Cash and cash equivalents increased by $72.5M. This is largely inconsistent with fraud. If Pretium were engaged in Worldcom-style fraudulent accounting where expenses were improperly capitalized into capex, then the capex number would be dramatically higher than $5.771M while the increase in cash would be closer to 0. Given how low capex is (even lower than what the feasibility study anticipated, which is $76.8M over the first four quarters of production)… I think that we can safely conclude that Pretium didn’t engage in Worldcom-style accounting for Q2. The market seems confident that the cash generation is real, sending the stock up 19% following the filing of financials on SEDAR. Needless to say, this development is not good for my short position.
Pretium has reported excellent grades that are in line with their 2014 feasibility study and subsequent updates to their resource model.
- Q2 feed grade: 14.9 g/t gold
- Year 1 of feasibility study: 15.4 g/t
- Reserve update announced Dec 2016: 14.5 g/t
- H2 2018 guidance:
11.6g/t to 12.82g/t after recovery losses at 2900tpd operation. If recoveries are 97%, guidance implies 12.0g/t to 13.2g/t. 12.9 to 14.2 g/t. (EDIT 7/12/2018: Management stated that the guidance was based on 2700tpd on the conference call, so I should have calculated based on 2700tpd.)
The guidance range is insanely tight as it is roughly ±5% (200,000 to 220,000 ounces). Pretium has gone from complaining about the accuracy of the sample tower data, to saying that it would provide guidance at the end of 2017 and not do so, and now it is saying that it can predict production to within 5%. Simon Dominy’s paper (draft version with working images, final version), especially Table 9, is worth a read as this newfound level of precision is very suspicious to me.
My gut feeling remains the same: this story will not end well. There’s one way to validate or invalidate my short thesis. In the coming quarters, Pretium will release its financial statements. If the mine is the real deal, cash will pile up on the balance sheet. In theory, it’s possible for Pretium to cook the books a little simply by not reporting all of its liabilities. But there’s a limitation to that type of distortion, e.g. I can’t see how it would be possible to understate more than a quarter’s worth of expenses. Over the span of 1-2 years, the financials will paint a reasonably accurate picture as to the mine’s profitability so far. Looking at financials would therefore sidestep the issue as to whether or not the reported grades are real.

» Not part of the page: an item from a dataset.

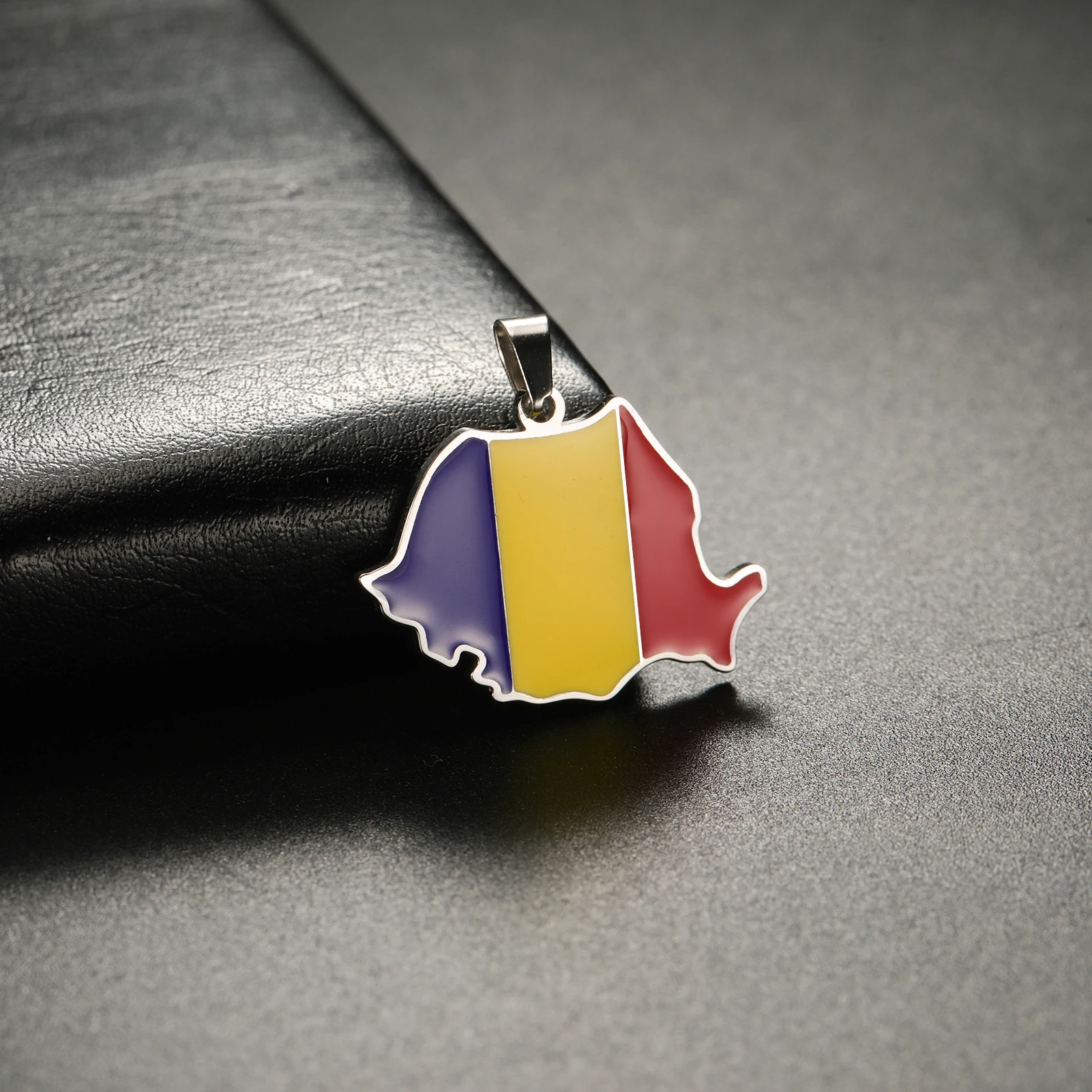 EUEAVAN, 1 unidad, colgante de mapa de Rumania, abalorio de acero inoxidable, collar con bandera del país de Francia, Alemania, accesorios para hacer joyas, regalos DIY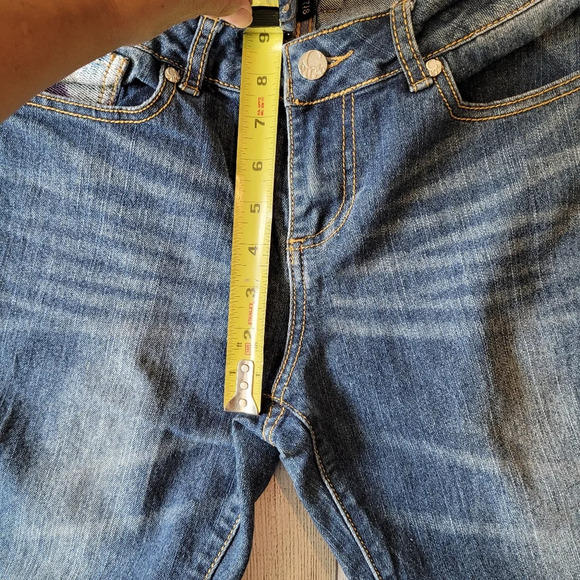 Coogi Women's Distressed Skinny Jeans •Size 7/8• - Picture 10 of 11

Ivor Jones’ technical report uses the wrong geological controls. When Pretium expanded the bulk sampling program, it went out of its way to trace and excavate the Cleopatra vein. The Contact Mill in Montana confirmed that the vein has grades above 80g/t. The issue is that the Cleopatra vein’s geological controls are completely different than those used for the resource estimate. Pretium’s technical reports were not updated to reflect this.
Management has attributed the poor showing in the first 7 months to the ‘ramp up’ process. Management is suggesting that the ramp up will continue as “steady state” production is guided for mid or late this year. This suggests to me that management continues to lack confidence in the deposit.
So far, the Brucejack mine has yet to generate free cash flow. Without needing to get too fancy, simply looking at Pretium’s cash flow is enough to see that Pretium’s shareholders will likely be wiped out or diluted close to zero eventually. Pretium may have extreme difficulty in coming up with the $423M+ needed to refinance its credit facility on or before December 2019.